Further, the government watchdog group OpenTheBooks.com found that one in five of employees at the 78 largest federal agencies has a salary that is six figures. Another 30,000 rank-and-file career government employees earn more than any governor.
A 2017 CBO report estimated taxpayers compensate federal workers with 17 percent more than what similar employees–with comparable education, skills, and experience–earn in the private sector.
The Office of Management and Budget during the Obama administration estimated the federal government would spend $337 billion in 2017 on the civilian federal workforce.
Also, with seniority comes at least two pay hikes for some years under the current system. All federal employees generally get a cost-of-living adjustment that is not based on performance. Second, federal employees are paid for each “step increase” they move up in the system based on seniority, which provides a 3 percent hike.
Federal employees get a retirement contribution of between 15 to 18 percent of their pay, while private sector employees average 3 to 5 percent, according to a 2016 Heritage Foundation study. Federal employees also contribute significantly less to their retirement, as taxpayers fund the bulk of the pensions.
3. Performance Pay
Greszler co-authored a 2016 Heritage Foundation study that estimated a performance-based system would reduce federal personnel costs by $26.7 billion.
In his letter to Congress, Trump made what seemed to be a long-term point.
“In light of our nation’s fiscal situation, federal employee pay must be performance-based, and aligned strategically toward recruiting, retaining, and rewarding high-performing federal employees and those with critical skill sets,” Trump said. “Across-the-board pay increases and locality pay increases, in particular, have long-term fixed costs, yet fail to address existing pay disparities or target mission critical recruitment and retention goals.”
Simply holding off on raises won’t accomplish anything without broader civil service reform, said Robert Moffit, senior fellow in domestic policy studies at The Heritage Foundation.
“The federal pay system does not effectively reward the most talented and productive because the system is highly standardized,” Moffit told The Daily Signal. “Federal employees in many cases should be paid more and many should be paid less. We need more employees in some areas and less in others.”

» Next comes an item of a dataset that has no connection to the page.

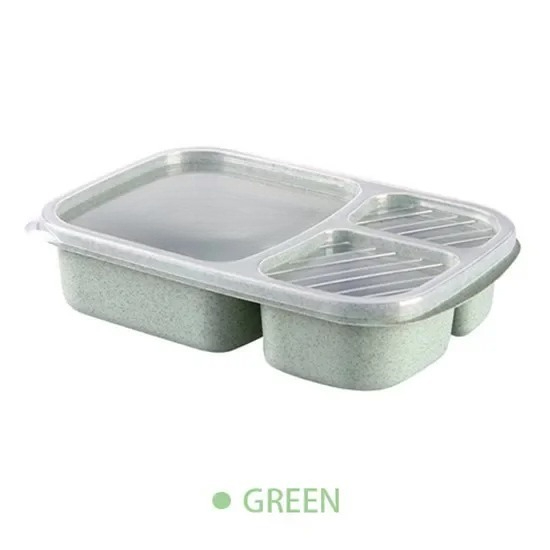 Wheat Straw Lunch Box Portable Bento Box With Compartment Picnic Bento Box Fruit Container Microwave Oven Dinnerware for Student: Orange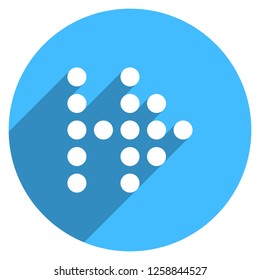 Arrow sign dotted icon LED digital display. Round web internet button with flat long shadow style.This design graphic element is saved as a vector illustration in the EPS file format.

4. What Trump Has Done So Far
In keeping with the president’s “drain the swamp” reform efforts, the Trump administration has pushed for civil service reforms in budget proposals to Congress with little action.

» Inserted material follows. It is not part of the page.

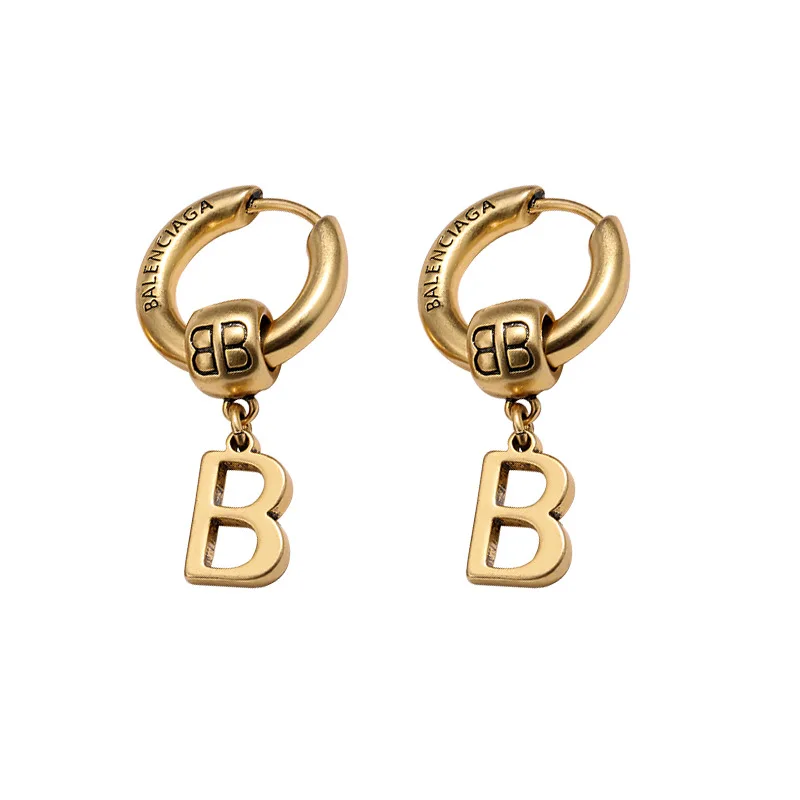 

B Letter Earrings 2021 Trand Errring 925 Sterling Punk Round Earrings Fashion Brincos Gift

However, Congress did pass and the president signed into law a measure to make it easier to fire bad employees at the Department of Veterans Affairs following the VA waiting list scandal over reports that employees had doctored lists, leaving some veterans to wait excessively long times for care.

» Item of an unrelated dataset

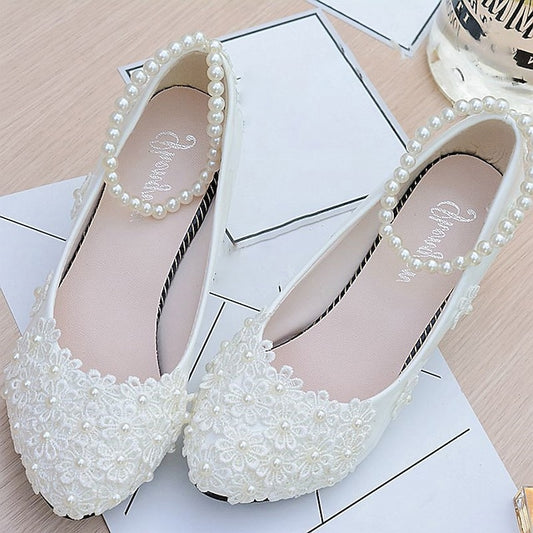 Pearl – Lace Heels Women's Floral Wedding Decorated White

Congress has left most of the rest of the federal bureaucracy untouched. However, on May 25, Trump issued an executive order to move the ball on civil service reform.
One order holds nonproductive workers more accountable by speeding up the disciplinary and appeals process. In many cases, it takes more than a year to remove an employee. The order shortens the grace period to shore up performance from 120 days to 30 days.
The order also limits the ability of federal managers to simply move employees that engaged in poor performance or illegal activity from one agency to another.
Federal agencies would share performance reviews, and also consider performance in making layoff decisions. Previously, layoffs were based on the amount of time employed by an agency.
A separate executive order limits the amount of time a federal employees can spend on union activity during work hours to no more than one-quarter of their workday.
The House Oversight and Government Reform Committee found more than 12,500 federal workers took “official time” to work on union activities in 2017. Of that total, 470 worked in the VA.